WORK TO COMPLETE ->
The expected answer is the data below, printed verbatim without its pictures.

++++ SUPPLIED DATA ++++

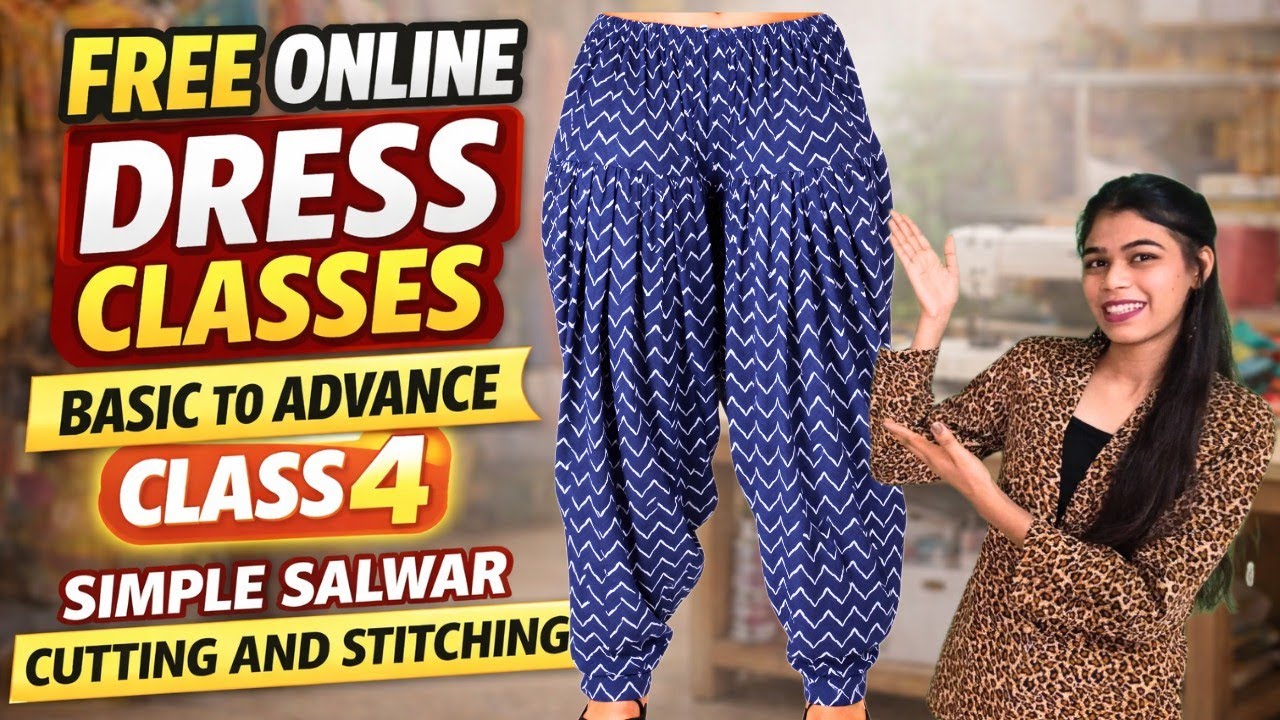 Simple Salvar Simple salwar full cutting and stitching ( class 4) - YouTube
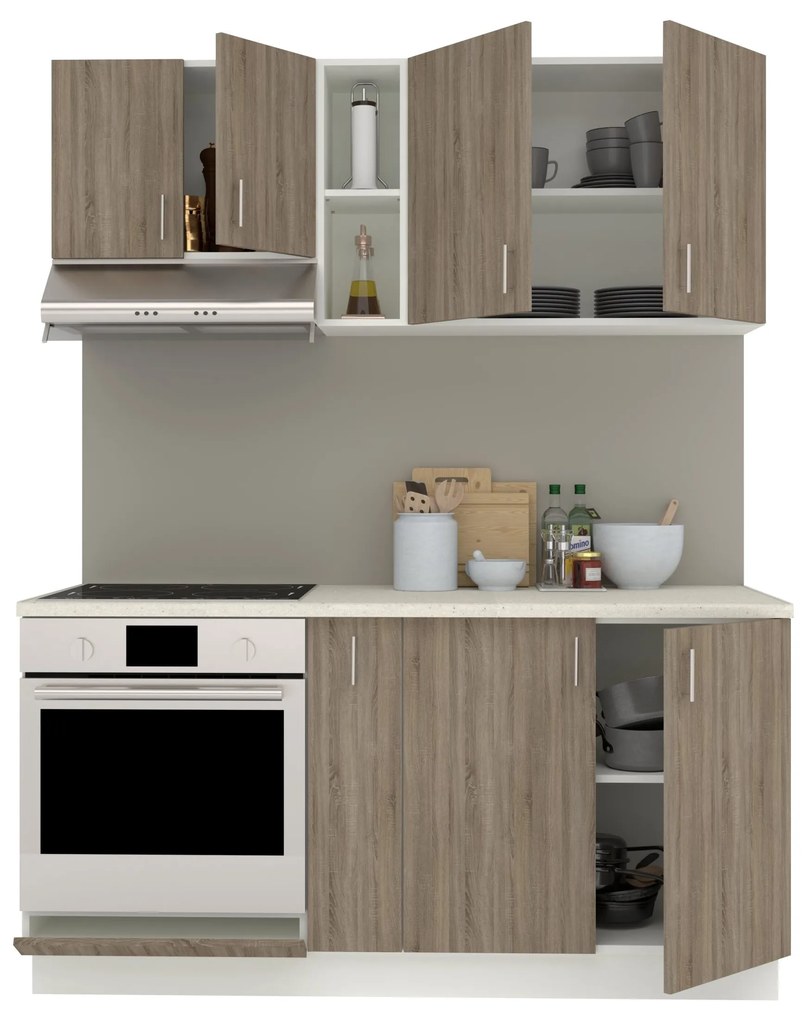Set Bucatarie Karo V7, Stejar Sonoma Inchis/Alb, Blat Thermo 28 mm, L 160 cm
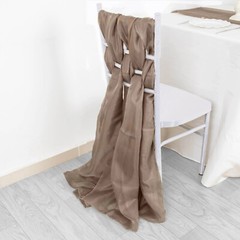 10 Taupe Premium Chiffon Wide CHAIR SASHES Wedding Party Reception Decorations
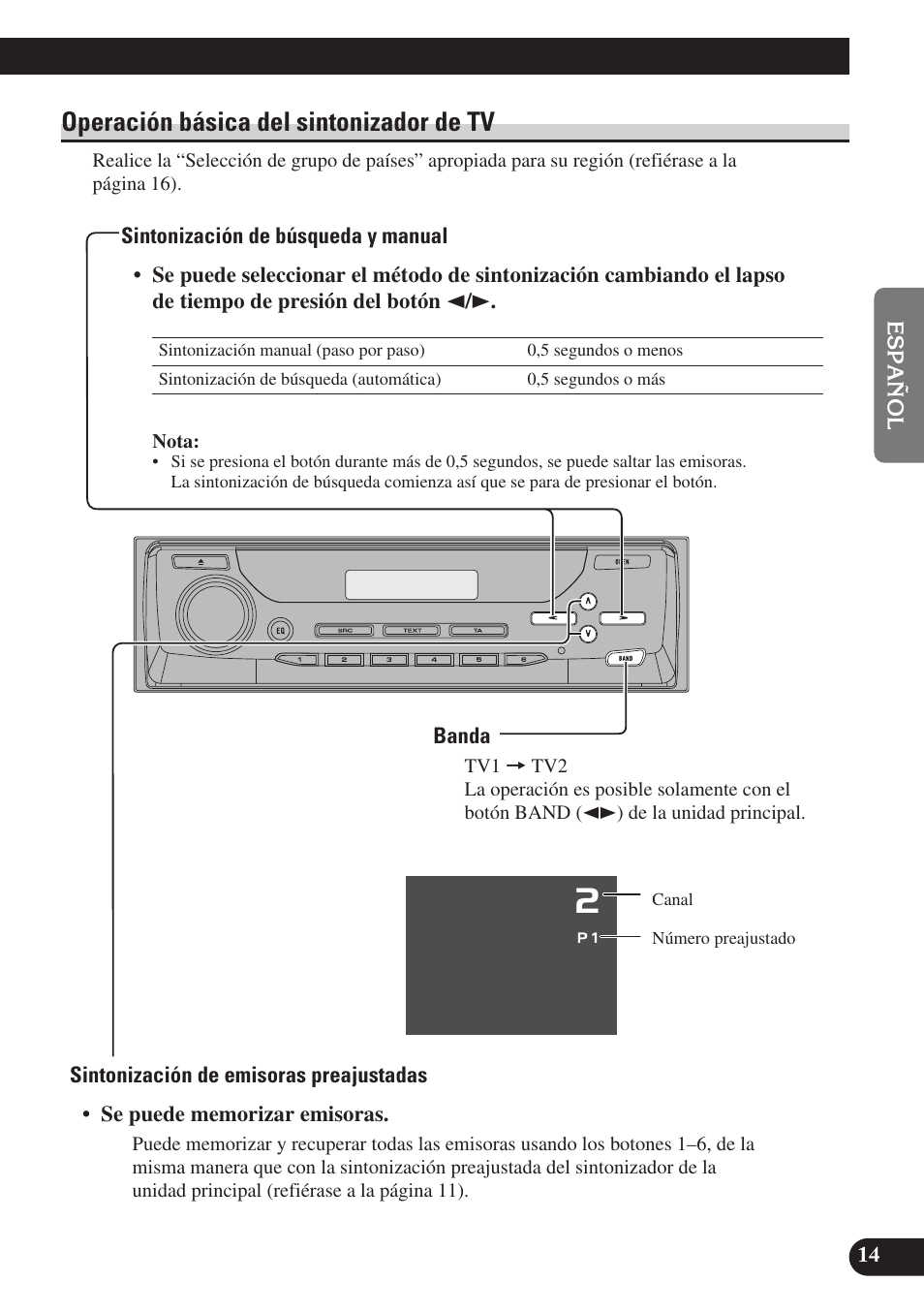 Operación básica del sintonizador de tv, Sintonización de búsqueda y manual, Banda | Sintonización de emisoras preajustadas | Pioneer GEX-P6400TVP User Manual | Page 33 / 112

++++

SOLUTION FOR THIS EXERCISE ->
 Simple Salvar Simple salwar full cutting and stitching ( class 4) - YouTube
Set Bucatarie Karo V7, Stejar Sonoma Inchis/Alb, Blat Thermo 28 mm, L 160 cm
 10 Taupe Premium Chiffon Wide CHAIR SASHES Wedding Party Reception Decorations
 Operación básica del sintonizador de tv, Sintonización de búsqueda y manual, Banda | Sintonización de emisoras preajustadas | Pioneer GEX-P6400TVP User Manual | Page 33 / 112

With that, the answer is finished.